Cboe Europe Derivatives and Flow Traders Discuss European Derivatives Markets
Iouri Saroukhanov, Head of European Derivatives at Cboe Europe, and Joran Zoutendijk, Equity Derivatives Trader at Flow Traders, discuss the market structure differences between the U.S. and European futures markets.
The highly liquid nature of U.S. derivatives markets, with multiple competing exchanges and participation from both the institutional and retail trading communities, has led to a steady increase in volumes over the last decade. By contrast, European activity has stagnated against the backdrop of a market structure which has limited on-screen liquidity and hasn’t attracted retail investors in the same way the U.S. markets have experienced. Cboe Europe Derivatives, a pan-European equity derivatives exchange was launched in 2021 to help bridge the gap between the two regions and systemically grow the European market.
Source: WFE, FIA, OCC and Cboe Global Markets data
Joran, how would you characterise the European equity derivatives market and why volumes have been subdued?
The European derivatives landscape is fragmented along national boundaries with several vertically integrated exchanges, each with their own regional products. The result is minimal competition and higher costs for participants that are looking to gain exposure to equities on a pan-European basis. Furthermore, much of the trading in European derivatives is pre-arranged and brought onto exchange for reporting purposes. This has resulted in limited on-screen liquidity and is historically what has dissuaded participants from entering the European market, particularly retail investors and those who are based in the U.S., accustomed to highly liquid markets.
At Flow Traders, we look at the markets as a whole. We leverage our expertise across cash equity and derived products, which enables us to provide liquidity on-screen through our tight bid/ask spreads and therefore providing that extra layer of transparency needed to grow the appetite in the European market. In addition, our algorithms and robust risk management allow us to add meaningful depth to the markets, accommodating retail and institutional flow. Given our focus, we believe that Europe is ready for further transition towards electronic markets and are encouraged at the efforts being made to improve the on-screen picture in European markets.
Iouri, how is CEDX attempting to improve European derivatives market?
One of CEDX’s key value proposition is that we are a genuinely pan-European marketplace. Through a single connection to CEDX and Cboe Clear Europe, participants can gain derivatives exposure to equites listed across all major European countries. Currently, participants have to connect to multiple different European exchanges and clearing houses for a similar level of exposure, which is inefficient, costly from an operational perspective and does not allow for optimisation of collateral. We enable participants to access a vibrant equity derivatives market through a single access point, creating efficiencies in connectivity, trading, clearing and market data. Our other big focus is on creating a deep and liquid on-screen market for European equity derivatives. A central limit order book sits at the core of the CEDX offering and is promoted through attractive incentive programmes and in-built protections for market-makers. Additional functionality, aimed at supporting price discovery and price improvement, include automated price improvement auctions (options market only), which guarantees a client a fill at a pre-agreed price, but allows for price improvement from competing participants.
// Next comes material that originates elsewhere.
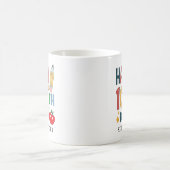 Frohe 100. Einschultung | Zurück zur Schule Kaffeetasse (Mittel)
CEDX is initially offering index derivatives based on select Cboe Europe Indices single country and pan-European indices. These indices are checked daily to monitor for compliance with CFTC and SEC rules on broad-based indices, ensuring they are eligible for qualified U.S. investors. This allows us to broaden our base of participants, promoting a diverse marketplace. We are expanding into pan-European single stock options later this year, subject to regulatory approvals.
Joran, how does the European market benefit from the CEDX offering and can you elaborate on the importance of a diverse set of participants in the market?
We very much view the CEDX exchange as a welcome addition to the European equity derivatives landscape. This exchange provides an opportunity for investors to improve the implementation of pan-European trading strategies and risk management procedures in a more cost-effective and efficient way.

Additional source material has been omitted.